▸ Data supplied:
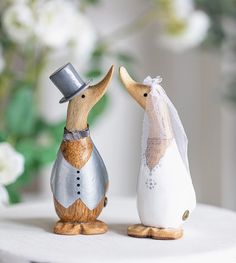 two wedding figurines, one with a veil and the other wearing a top hat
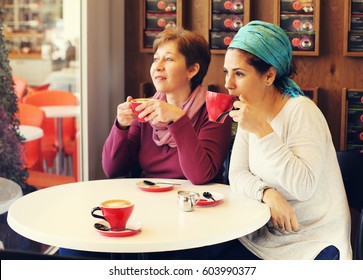 Two Happy 45 Years Old Woman Sitting In The City Cafe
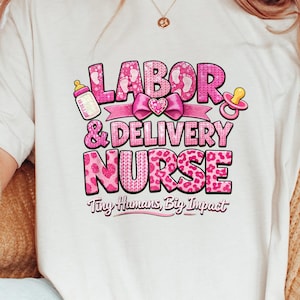 Puede incluir: Camiseta color crema con un gráfico rosa que dice "LABOR & DELIVERY NURSE" con una ilustración de biberón y chupete. El texto "Tiny Humans, Big Impact" está debajo. El diseño presenta un patrón de corazón.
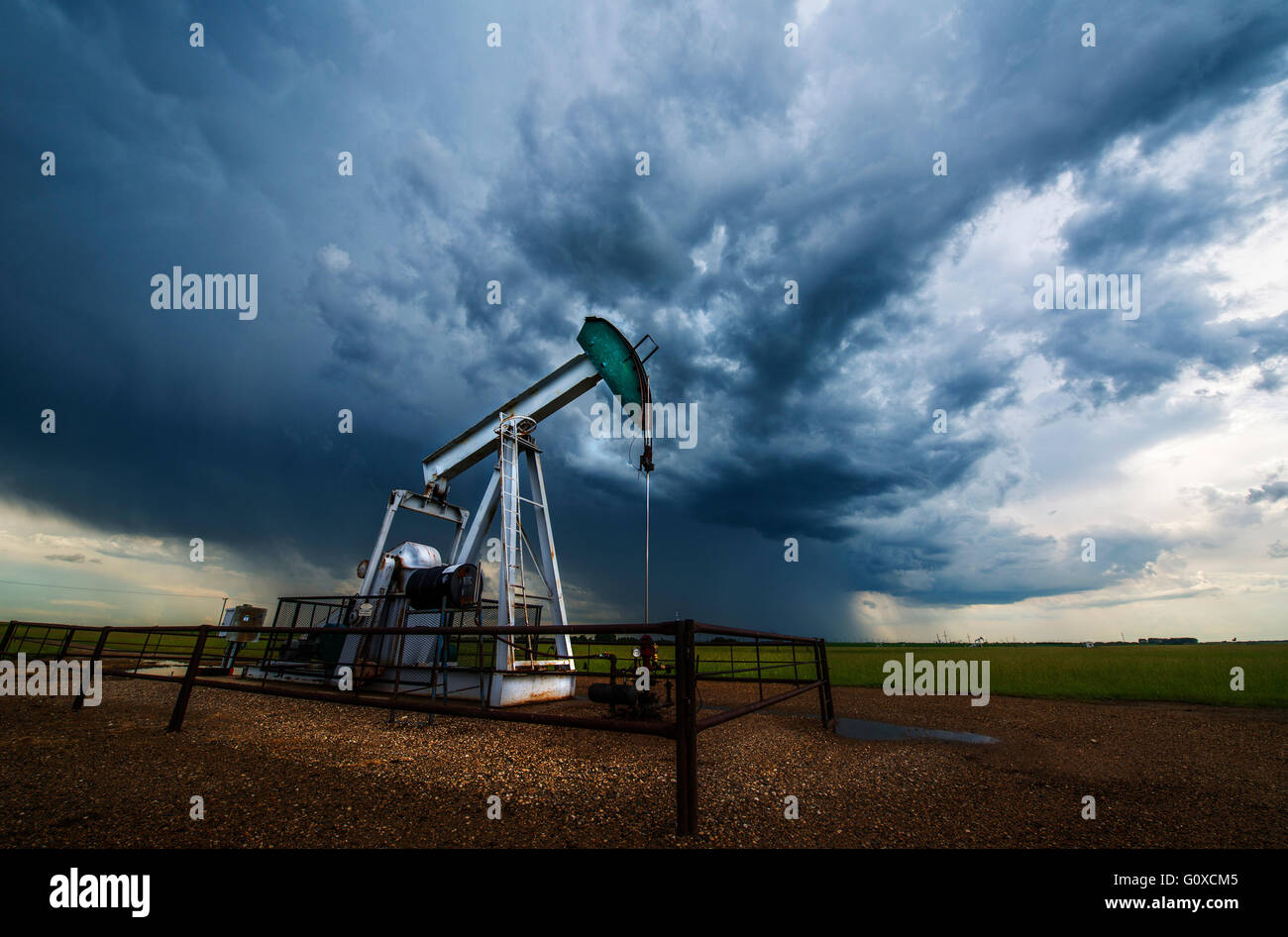 Pump jack, oil well, in field with stormy sky, Canadian praires, Saskatchewan, Canada Stock Photo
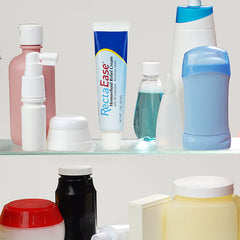 Personal care and medication containers are arranged on glass shelves. The centerpiece is RECTAEASE RectaEase, a lidocaine 5% topical anorectal numbing cream for fast hemorrhoid relief and other anorectal disorders.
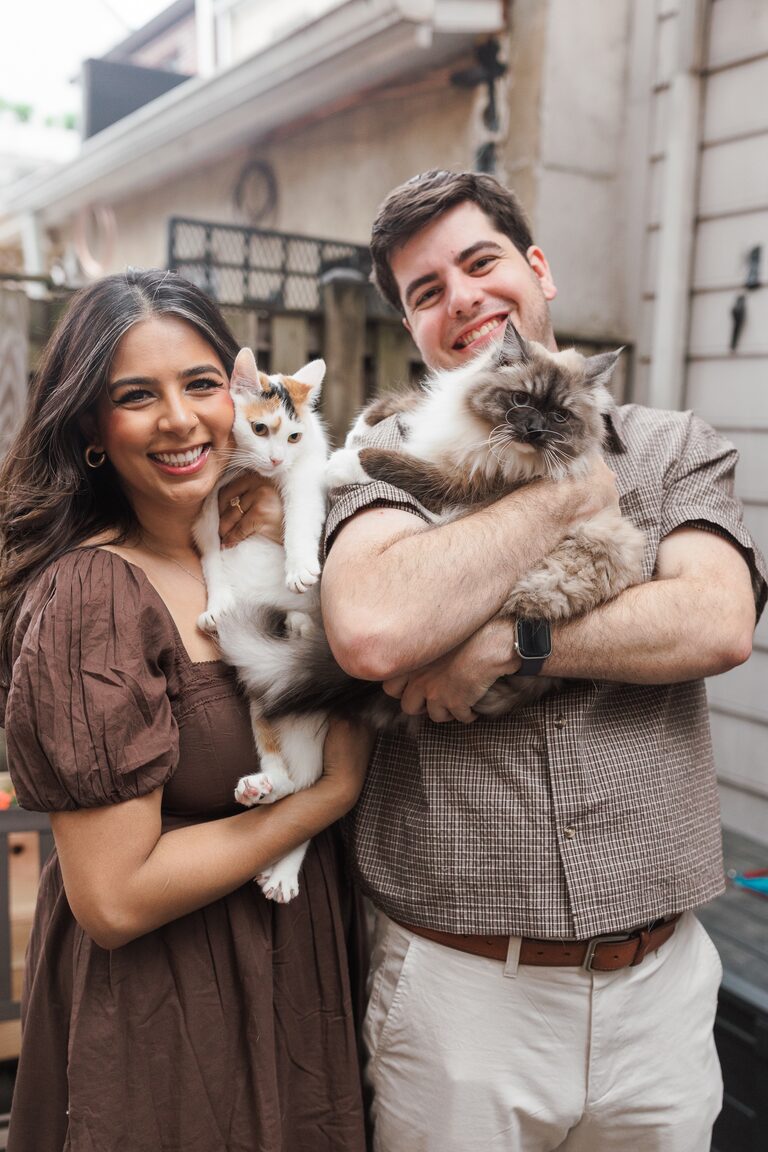 Anika and Louis holding Mishti, a seal-point Siberian cat, and Ruthie, a white-and-orange calico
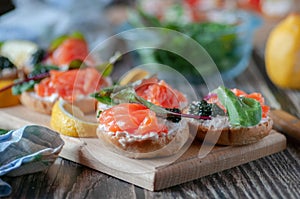 Sandwiches with red, black caviar and trout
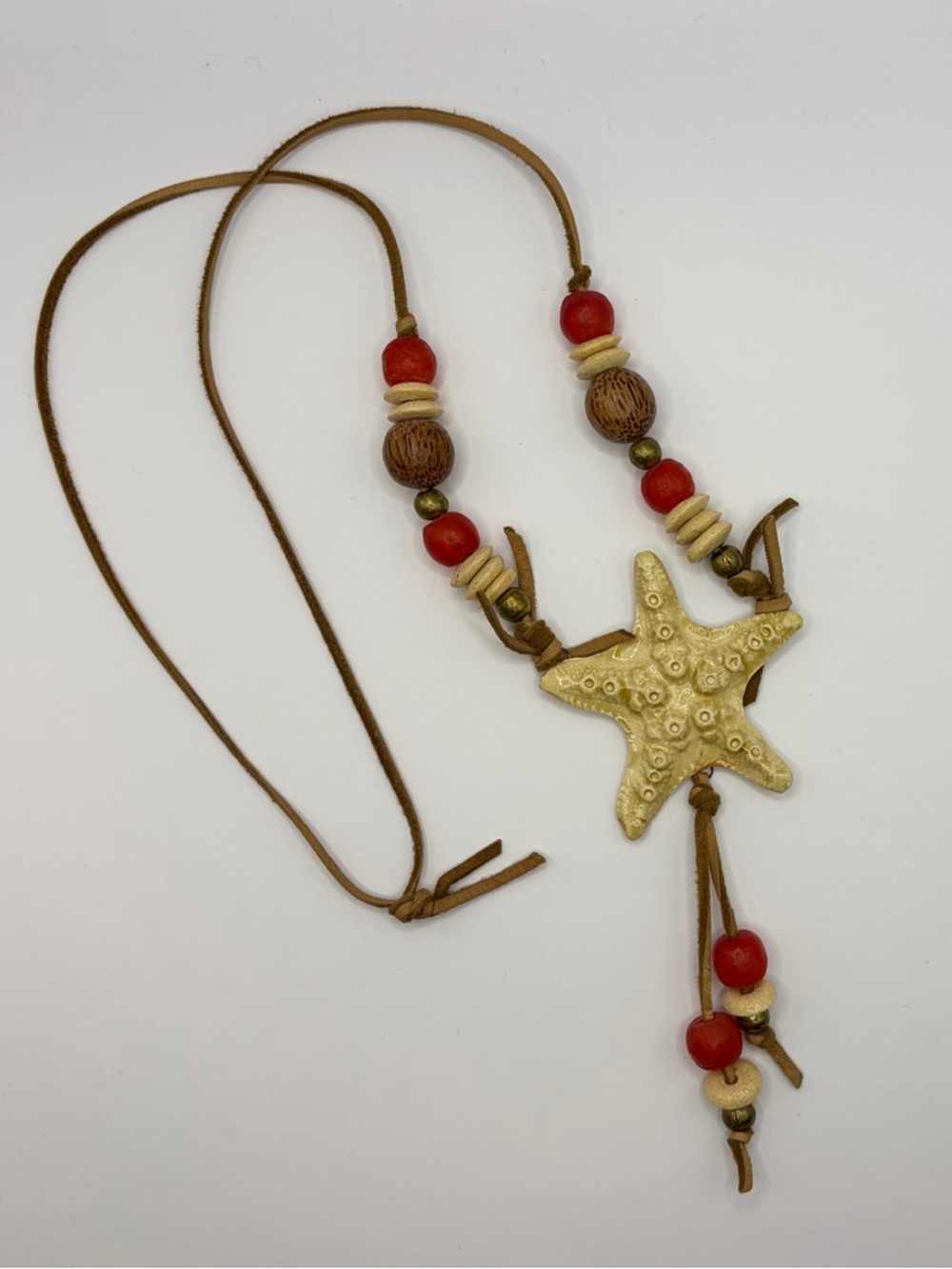 Handcrafted Gold Starfish Pendant Necklace with Red Beads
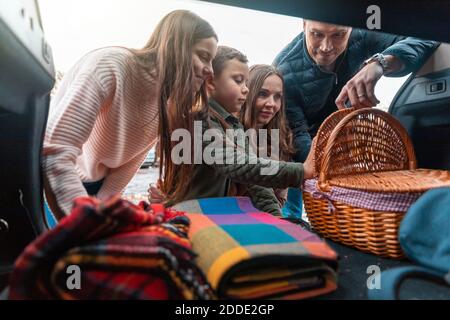 Lächelnde Familie, die Picknicksachen vom Kofferraum abholt Stockfoto
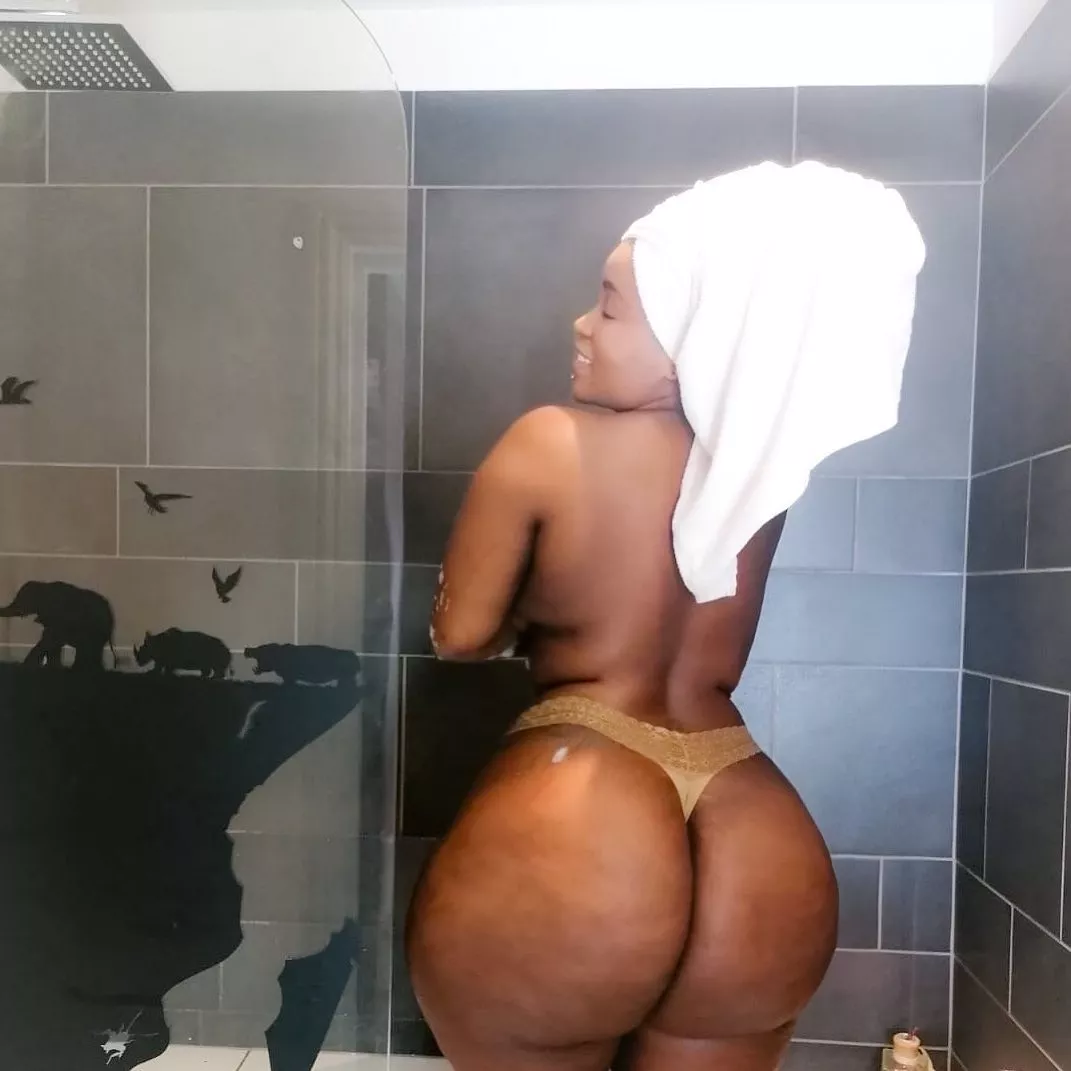 In the shower with a head towel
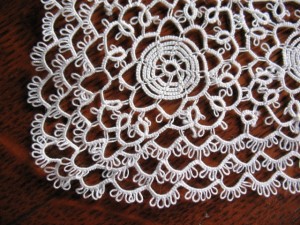 tatting2 Close-up of the handkerchief showing the intricate detail of the tatting. The round loops on the edge of the chain are picots, which are typical of tatting.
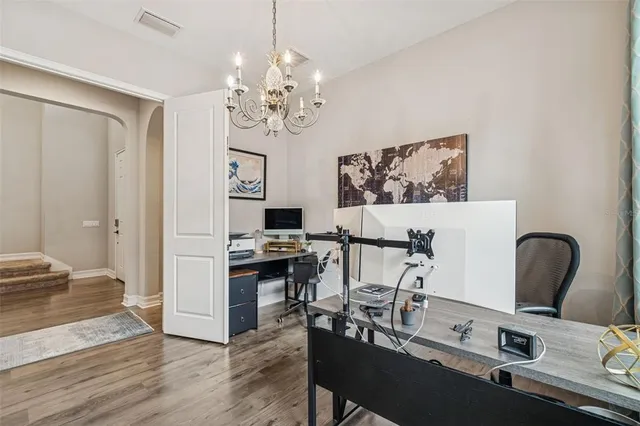 a dining room with wooden floor a chandelier a wooden table and chairs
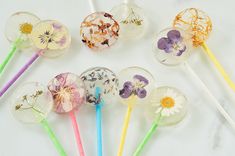 six lollipops with flowers on them are lined up next to each other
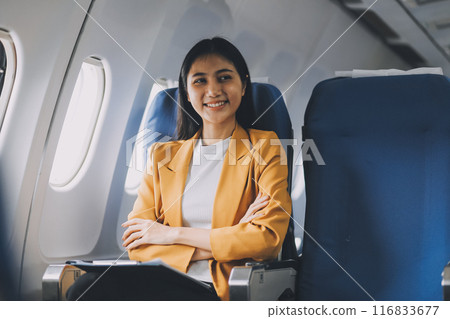 Female airplane passengers asian chinese people Entrepreneurs on Flight, Venturing Overseas Investments. Global Business Expansion, Foreign Markets, Strategic Financial Moves. Women in Business Suits 116833677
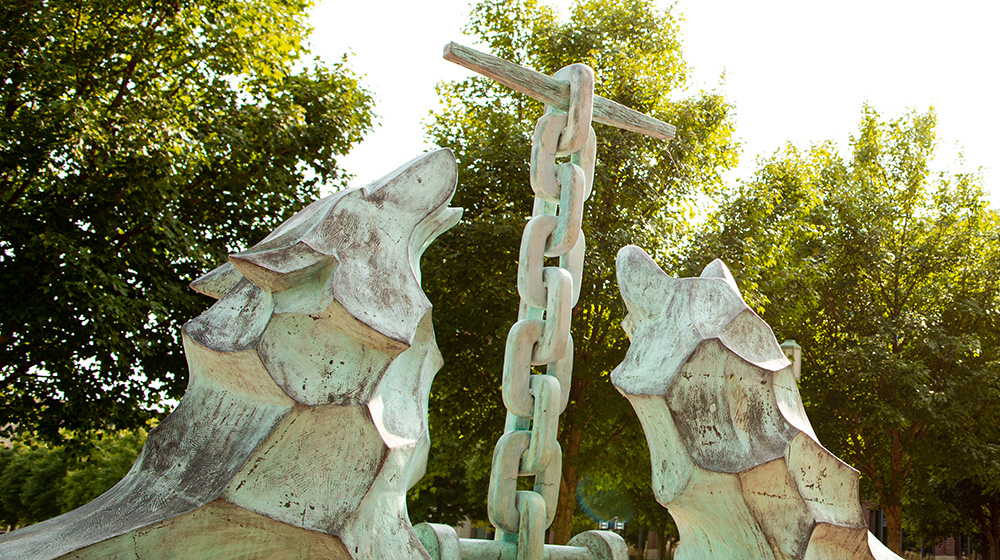 Close-up of the Los Lobos statue depicting the Loyola family crest of the wolf and kettle against a backdrop of trees on Lake Shore Campus.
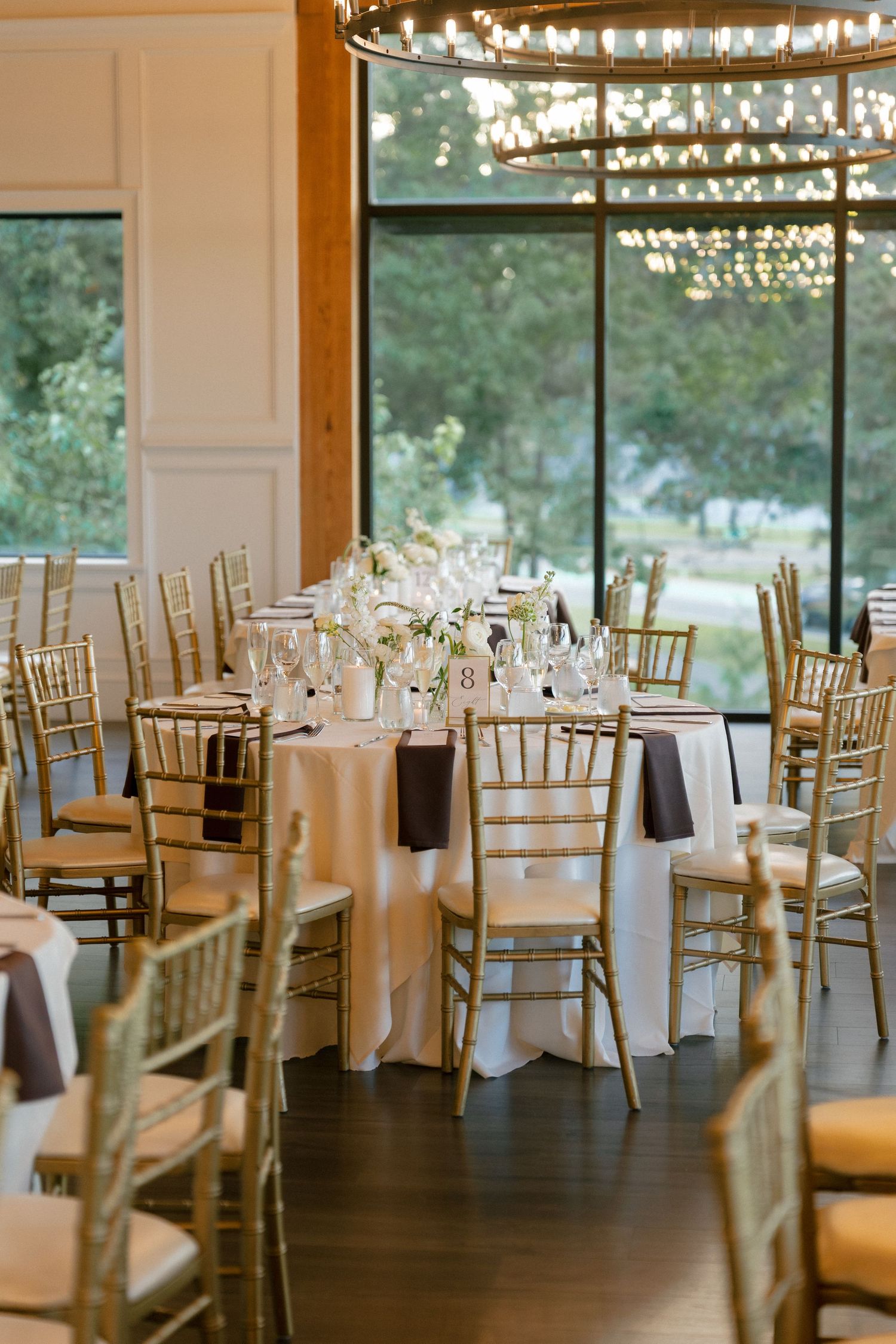 Elegant wedding reception hall with gold chiavari chairs, white tablecloths, floral centerpieces, and warm chandelier lighting.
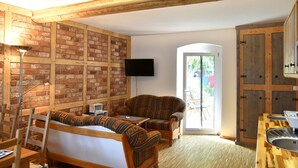 A room with a brick wall, wooden beams, a sofa, a chair, a TV, a door leading outside, and a kitchen area.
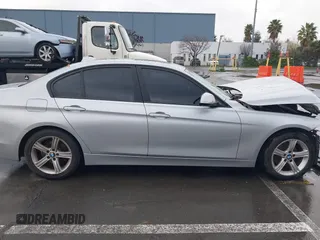 2013 BMW 3 Series 328i with VIN WBA3C1G59DNN93746, listed as a IAAI auction lot 41527720 with 215,442 mi miles and . Bid and sale history available at DreamBid. Image 13.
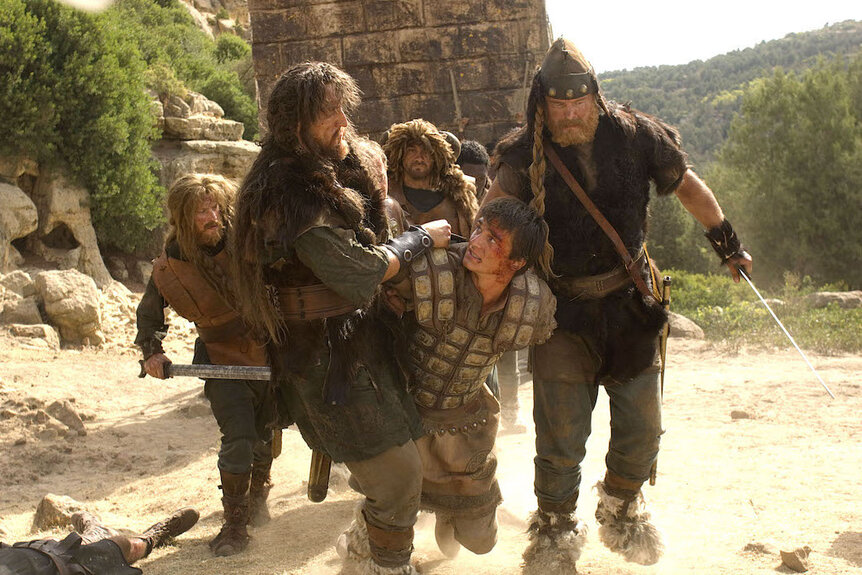 Rupert Friend is dragged by men in The Last Legion (2007)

▸ Aim of the exercise:
Using the data above, give again exactly the lines starting at the one holding "Handcrafted Gold Starfish" and ending at the one holding "six lollipops with", inclusive, and nothing more. Omit the pictures.

▸ Your solution:
 Handcrafted Gold Starfish Pendant Necklace with Red Beads
 Lächelnde Familie, die Picknicksachen vom Kofferraum abholt Stockfoto
 In the shower with a head towel
 tatting2 Close-up of the handkerchief showing the intricate detail of the tatting. The round loops on the edge of the chain are picots, which are typical of tatting.
 a dining room with wooden floor a chandelier a wooden table and chairs
 six lollipops with flowers on them are lined up next to each other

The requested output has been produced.